Look it up for your trip under multi City and note the rail fare. The rail portion of the fare will be stable since it isn't subject to yield management.
Wouldn't just looking up "for 2", write down the total, then look up "for 1" and subtract that total from the "for 2" give you the difference, aka rail fare?
 
I understand that I need to call Amtrak if I want to actually book an open sleeping car ticket. I prefer not take the time to call to just check the price online. Is it a correct assumption that an open sleeping car ticket is the same as a low bucket coach fare?
 
I understand that I need to call Amtrak if I want to actually book an open sleeping car ticket. I prefer not take the time to call to just check the price online. Is it a correct assumption that an open sleeping car ticket is the same as a low bucket coach fare?
Having no actual experience with that, I would tend to agree with your assumption.
 
You can book sleeper car tickets yourself online. I booked 3 separate legs, all in roomettes, all on one ticket, without ever calling Amtrak. I used Amtrak.com. The current price of the total ticket (fare and room) is shown as you search and then book.
 
I understand that I need to call Amtrak if I want to actually book an open sleeping car ticket. I prefer not take the time to call to just check the price online. Is it a correct assumption that an open sleeping car ticket is the same as a low bucket coach fare?

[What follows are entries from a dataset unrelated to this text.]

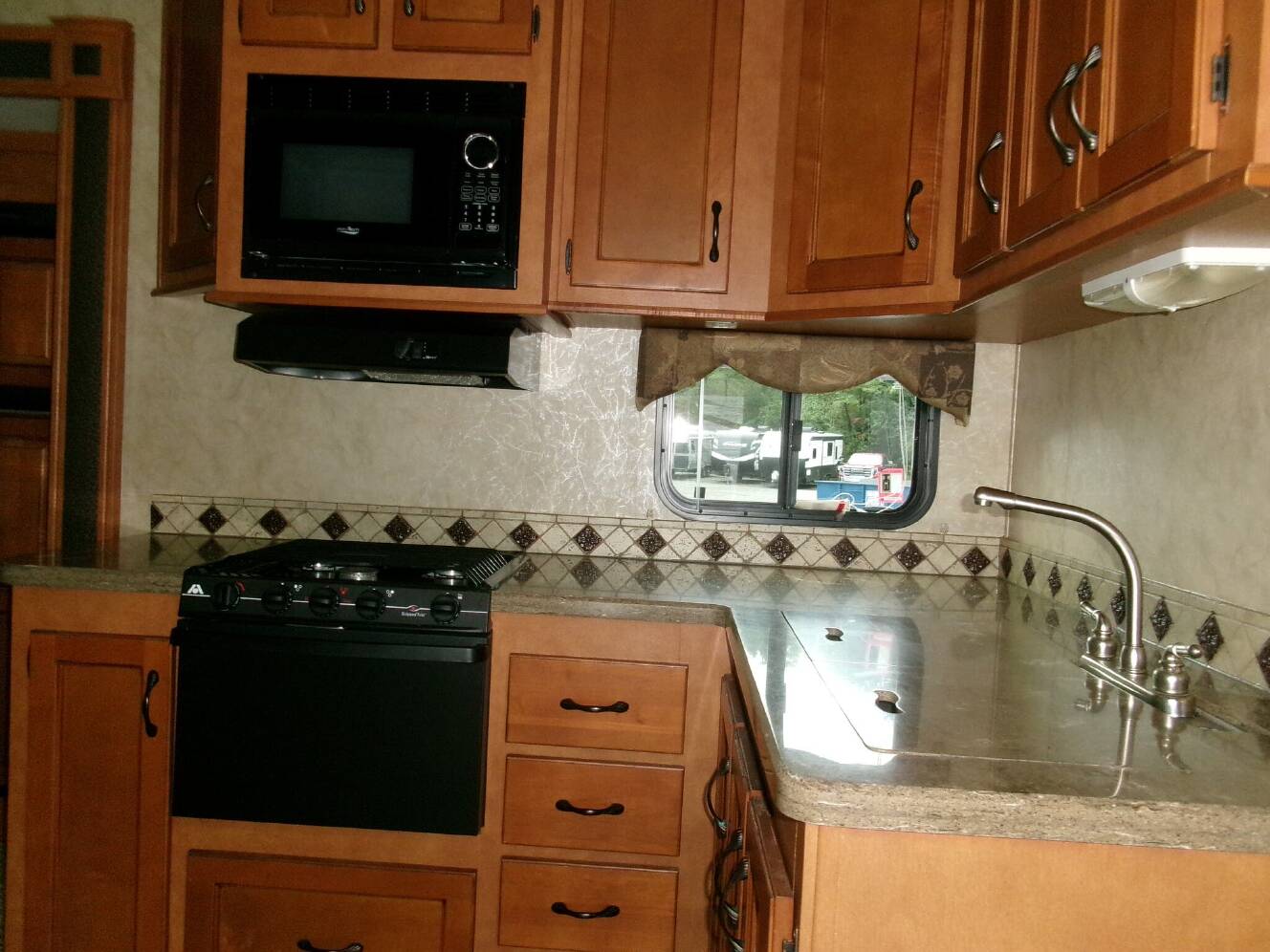A photo of this 2012 Yellowstone Rv Canyon Trail 30FSES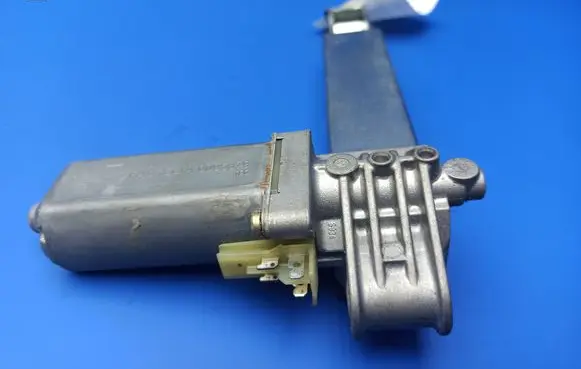 BMW 7 E65 E66 Seat adjustment motor 0095879 0390201953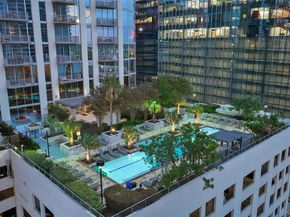 360 Nueces ST 1518, Austin TX 78701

Not anymore - it's second bucket if I remember correctly. Easiest way would be to do the search for one person and price out the roomette/bedroom, then run a second search with two people in one roomette/bedroom. The difference should be the same as the open sleeper ticket cost.
 
You can book sleeper car tickets yourself online. I booked 3 separate legs, all in roomettes, without ever calling Amtrak. I used Amtrak.com.
The OP is not asking about Sleeper tickets, but a special instrument called Open Sleeper Ticket which can be used to add a person to an already existing Sleeper ticket. Normally the cost of an Open Sleeper Ticket should be the Coach fare between the origin and destination. The question is Coach Fare of which bucket. It usually requires a call to an agent to set it up.

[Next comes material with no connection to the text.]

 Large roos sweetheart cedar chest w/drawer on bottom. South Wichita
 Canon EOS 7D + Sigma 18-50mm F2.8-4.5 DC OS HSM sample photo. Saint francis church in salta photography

Not anymore - it's second bucket if I remember correctly. Easiest way would be to do the search for one person and price out the roomette/bedroom, then run a second search with two people in one roomette/bedroom. The difference should be the same as the open sleeper ticket cost.

That is my understanding too.
 
Thank you. I did a mock booking and was able to determine the fare. There are three levels of coach fares. A non-refundable fare, a mid-tier fare with some restrictions, and then the highest refundable fare. I am thinking the middle coach fare would work.
 
Hope this doesn't confuse the issue, but there are actually 6 possible different coach fares if the Saver fare is included, as shown below in the left hand column for the Empire Builder:
EB Fares Aug 2021.jpg
In this case, the coach fare that's included with the fares for the sleepers is $245>, but the words used in describing it can vary and Amtrak customarily only displays three of them to choose from.

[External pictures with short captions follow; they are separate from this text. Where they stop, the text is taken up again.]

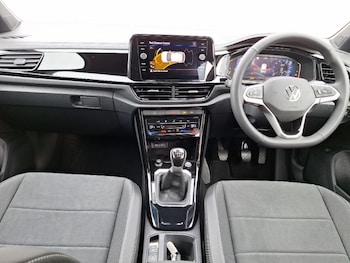 Used Volkswagen T-Roc 2025 for sale - 76947395: Photo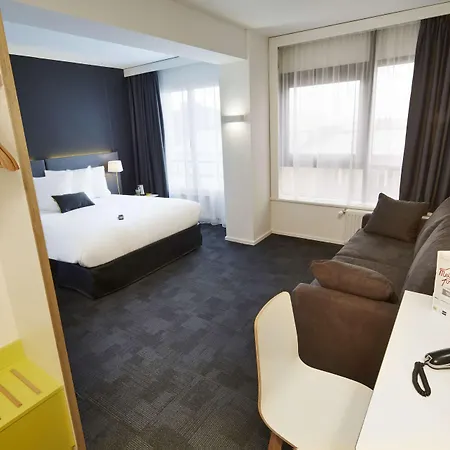 Kyriad Hotel 3*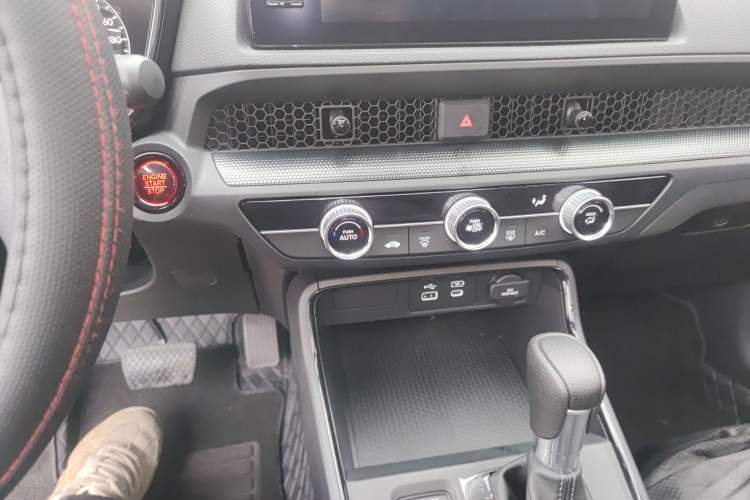 Used Honda CR-V 2024 240TURBO Two-Wheel-Drive Active Version 5 Seats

And I don't know if this fare is the cost of the Open Sleeper Ticket the OP is asking about.
 
And I don't know if this fare is the cost of the Open Sleeper Ticket the OP is asking about.

It should be. The sleeper fare is made up (on the back end) with both the accommodation charge (the cost of the room) and a flat "rail fare" (I forget the exact terminology) per person in the room. An open sleeper ticket is essentially paying that rail fare separately on an existing sleeper reservation. It's typically done in cases where either the system isn't otherwise allowing the addition of a second person without rebooking the entire trip to a higher fare bucker, or if the second person is traveling to a different station pair. I've used it once to join someone from St. Cloud to Winona on their full-length Empire Builder trip.
 
If you use Multi-City to do the phantom booking for research, which you can do using only one through segment (like NYP-SEA), the "detail" breakdown after you select the room will still give you a rail fare/accommodation charge breakout. That rail fare will be the cost of an open sleeper ticket.

I agree with @niemi24s and others that the rail fare for a sleeper ticket now appears set at the second "value" coach bucket, up from the lowest "value" coach bucket.

Finally, you have to call to buy an open sleeper ticket, you cannot do it on the website. It is also issued as a paper "value" ticket, not an eticket, one of the very last ticket types that require that. So the ticket must be picked up in person from an agent or QuikTrak machine. Do not know if they still offer a mail option.